By Vikas Pratap Singh
#knowledge-graph #reference-architecture #financial-services #ai-agents #relationship-banker #coala-memory #trust-tier-retrieval #eu-ai-act #graphrag

Knowledge Graph Practitioner’s Guide: Overview | Part 1 | Part 2 | Part 3 | Part 4 | Part 5 | Part 6 | Part 7 | Part 8 | Part 9 | Part 10 | Part 11a | Part 11b | Part 11c | Appendix A | Appendix B | Appendix C | Part 12

Recap: Where Parts 11a And 11b Left Off

Lakeside Trust Bank is the series’ hypothetical worked-example bank, a composite drawn from publicly documented failure patterns rather than a real client engagement; the numbers in this piece are illustrative, not measured telemetry from a single institution.

Part 11a introduced Lakeside Trust Bank ($75B in assets, US-headquartered with an EU subsidiary, 1.2M retail customers, 22,000 commercial counterparties, ~280 CDEs at 1:20 implementing-field ratio) and the Monday-morning Müller-family question that exposed the four-or-five-store anti-pattern. The bank’s response was a deliberate knowledge graph: a modular ontology imported from FIBO BE plus FIBO LOAN plus FIBO SEC plus FIBO FBC plus W3C Time plus PROV-O plus SKOS plus DCAT 3 plus SHACL with a thin lksb: in-house module under 100 classes, an 8-stage construction pipeline that converged Track 1 (R2RML over the cloud data warehouse plus an open table format plus the retail master-data platform) and Track 2 (the LLM-assisted extraction pipeline over the enterprise document store’s credit memos, KYC files, and advisor notes) at one identity, and a hybrid serving tier (the canonical RDF triple store’s SPARQL endpoint plus a property-graph traversal view) (see Appendix A for the specific tools). Part 11b absorbed the governance back office onto the same substrate: the OpenLineage-to-PROV-O bridge across ~480K Run events per day, the 280 CDEs as typed nodes (Counterparty Credit Exposure with 22 implementing fields across 5 systems as the worked example), four SPARQL templates that answer BCBS 239 Principle 3, ECB RDARR, GDPR Article 30 ROPA, and EU AI Act Article 10, the trust-tier-by-reporting-surface table across 9 surfaces, and the named-graph version chain across a quarterly FIBO release. This piece closes the trilogy.

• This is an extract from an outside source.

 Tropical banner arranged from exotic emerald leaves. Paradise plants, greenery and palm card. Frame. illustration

Wednesday Morning, Q1 2026: The Banker, The Agent, And A 30-Minute Window

Three days after the Monday Müller-family reconciliation that took three weeks pre-KG and 180ms post-KG, the same relationship banker opened her Wednesday calendar to a 12:00 client meeting with the Müller patriarch in Chicago. She had a 30-minute window between her 11:30 internal review and the noon meeting to prepare. Her brief to the agent was three sentences: “Brief me on any material changes to the Müller-family exposure since the last quarterly review. Surface any open AML or credit issues that could come up. Suggest two open-ended questions about the family’s succession plan that I can use if the conversation slows.”

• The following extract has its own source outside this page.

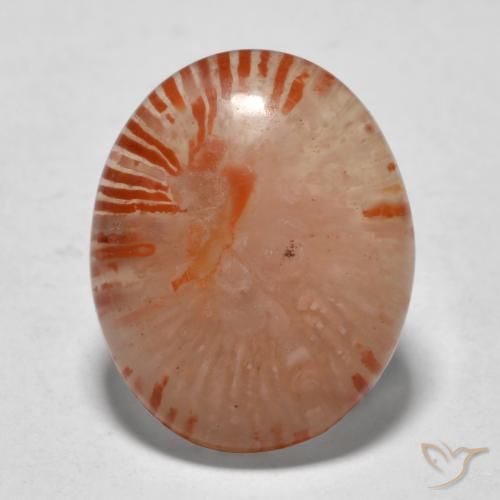 9.94ct Natürlicher Mehrfarbig Koralle, Oval, Lichtdurchlässig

Pre-agent (and pre-KG), the same prep would have meant a one-hour slack to senior bankers, a thirty-minute call with the AML team, and a hope that the credit officer happened to be at her desk. Pre-KG with an agent, the agent would have done what the Apex Capital research analyst agent did in Part 9: pulled relevant chunks from a flat vector index that mixed the audited gold counterparty profile with a draft pitch deck about a competitor acquisition that an associate had uploaded to the enterprise document store a year earlier and never finalized. The agent would have confidently cited the draft deck as if the acquisition had happened. The relationship banker would have walked into the noon meeting with a two-million-dollar talking point about a transaction the family had never done. The Apex Capital incident, replayed at Lakeside, with the same root cause: a retrieval surface that did not know which evidence was gold and which was bronze.

Post-KG and post-agent, the prep ran differently. The agent classified the three sub-tasks. “Material changes to exposure since the last quarterly review” was a portfolio-decision-adjacent question. The agent’s retrieval planner picked the strict-tier-floor policy and emitted a SPARQL query that filtered to gold-tier-only triples in the operational graph. The query traversed the same Müller-family subgraph from Monday’s reconciliation, applied a validFrom > 2026-01-01 filter from the bitemporal annotations, and returned three triples: a $1.2M increase in commercial loan exposure to the operating company in February, a new $0.3M trust-asset position created when the irrevocable trust was established (the same trust that Monday’s reconciliation had nearly missed), and a $0.4M reduction in the offshore vehicle’s securities position. Every triple carried a Source IRI, a validatedAgainstShapes link to the SHACL ShapeGraph that approved the underlying Run, and a tier annotation of gold.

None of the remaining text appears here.